Entries shown |
————

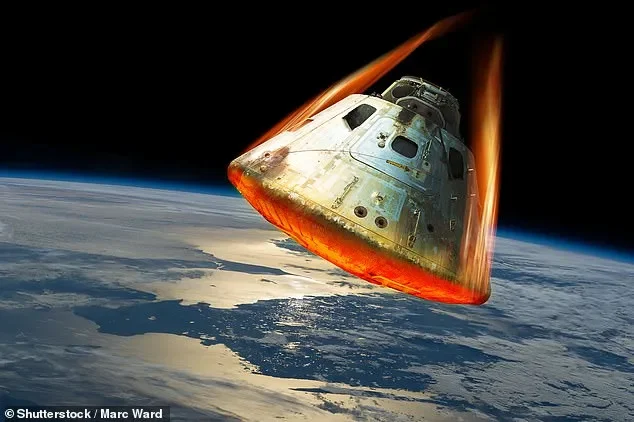 NASA warns 'there's no plan B' as Artemis II crew face most terrifying part of mission... - 2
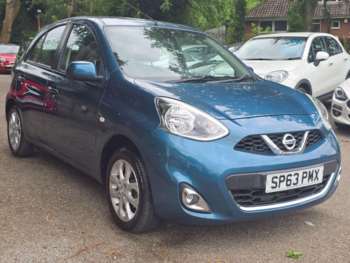 Used Nissan Micra 2013 for sale - 74857094: Photo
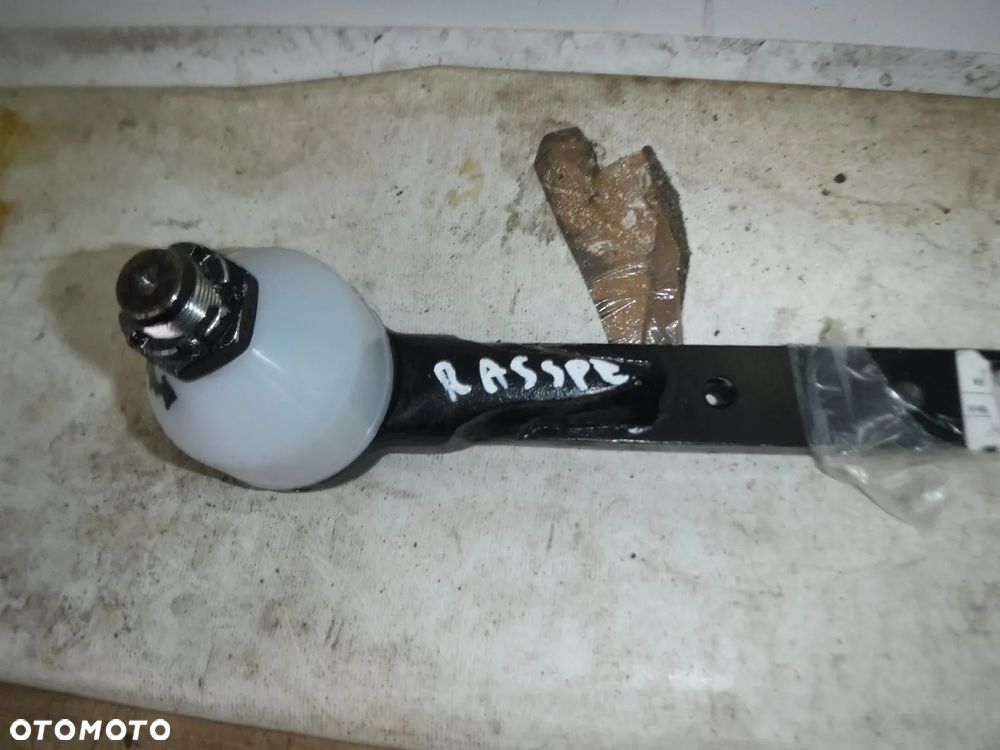 rasspe rudary krone głowka kosy nowa new holland 760cg - 8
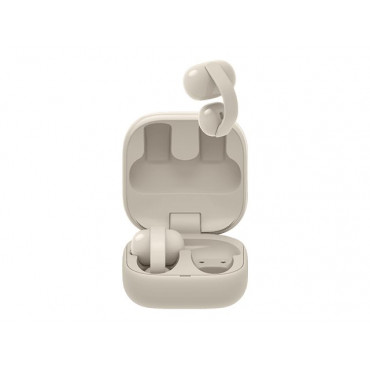 Sony | Earbuds | LinkBuds WF-LC900 Clip | Bluetooth | Open-Ear | Wireless | Greige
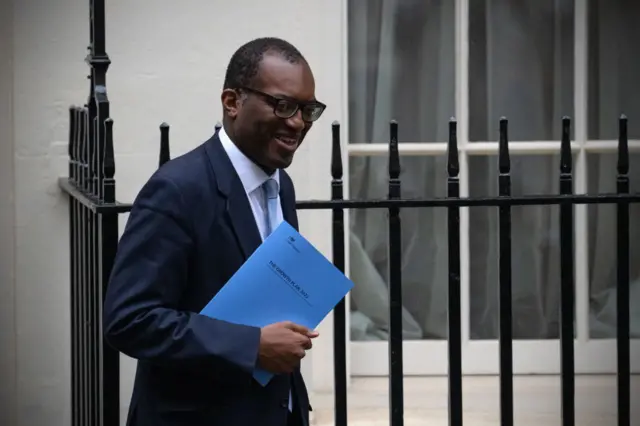 Kwasi Kwarteng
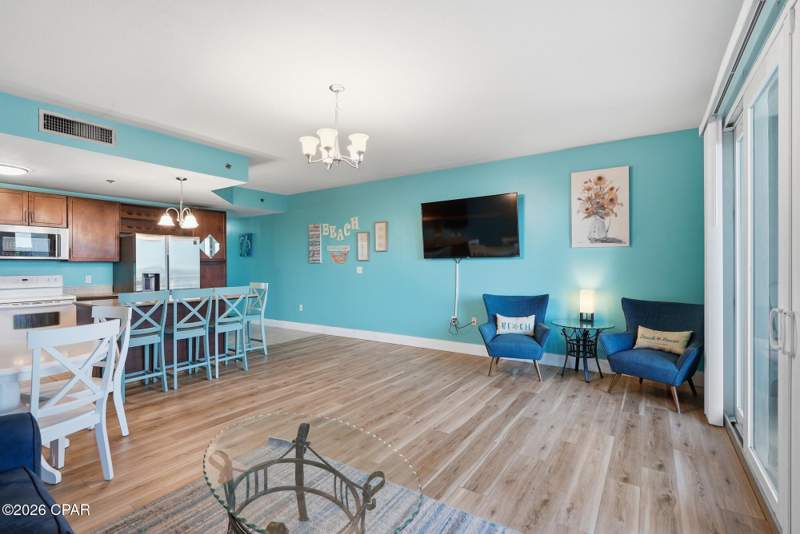 1 bedroom Condominium at 9860 S Thomas Drive 305, Laketown Wharf, Panama City Beach — photo 2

————

Make an exact copy of the records, pictures excluded.

Result for this exercise |
 NASA warns 'there's no plan B' as Artemis II crew face most terrifying part of mission... - 2
 Used Nissan Micra 2013 for sale - 74857094: Photo
 rasspe rudary krone głowka kosy nowa new holland 760cg - 8
 Sony | Earbuds | LinkBuds WF-LC900 Clip | Bluetooth | Open-Ear | Wireless | Greige
 Kwasi Kwarteng
 1 bedroom Condominium at 9860 S Thomas Drive 305, Laketown Wharf, Panama City Beach — photo 2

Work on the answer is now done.